Esto ya lo decía su padre siendo ella aún muy pequeña.

Siempre he admirado esta cualidad en ella.

Existe un Monasterio en Galicia en lo alto de una montaña, uno de los Paradores con las vistas más impresionantes que he contemplado jamás.

Hay dos maneras de acceder a él por dos caminos distintos que antes desconocía: el primero, una ancha carretera perfectamente asfaltada; y la segunda, un angosto camino de tierra escoltado, a un lado por la pared de una montaña y al otro, por uno de esos precipicios no aptos para personas con vértigo.  

A la entrada del camino que nos esperaba, ví a un monje inclinado en una fuente llenando un cántaro, le pregunté si se podía subir con el coche por allí al Monasterio. Asintió con la cabeza y un atisbo de sonrisa me hizo sospechar que el asunto escondía algo más.

Decidimos seguir su recomendación y comenzamos el ascenso en coche por el camino de tierra, preguntándonos si realmente no existía otra manera, pues de sobra son conocidos la gran cantidad de eventos y visitas a aquel majestuoso Hotel-Monasterio de impresionante belleza.

Mientras íbamos subiendo la enorme montaña, inmersas en profundas disquisiciones sobre el intrigante rostro del monje, nos encontramos con un coche que venía de frente. Ambos vehículos nos desplazábamos a muy poca velocidad, tanto por lo desconocido del trazado, como por las incontables curvas con las que contaba.

El coche que se acercaba a nosotras en sentido contrario bajó la escasa velocidad a la que avanzaba hasta pararse. Nosotras hicimos lo mismo.

Era evidente, para ambas conductoras, que los dos coches no podían pasar. 

Eran ellas o nosotras. 

Parecía un western en el que alguien tenía que caer. Nunca mejor dicho, por desgracia.

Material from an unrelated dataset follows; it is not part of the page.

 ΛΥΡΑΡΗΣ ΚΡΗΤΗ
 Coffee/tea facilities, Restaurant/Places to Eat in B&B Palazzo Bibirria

Sin embargo, era nuestro coche el que se encontraba del lado de un abismal desfiladero, mientras que el de las otras dos mujeres se encontraba pegado a la montaña rocosa.

El coche que iba en sentido contrario intentó pegarse más hacia su lado, pero se encontró con que, además del enorme muro de piedra, existía una profunda cuneta, en la que si metían la rueda el hueco las atraparía.

El movimiento siguiente, nos tocaba a nosotras.

Yo iba sentada en el asiento del copiloto y tenía la mejor vista. Una vista mortal. 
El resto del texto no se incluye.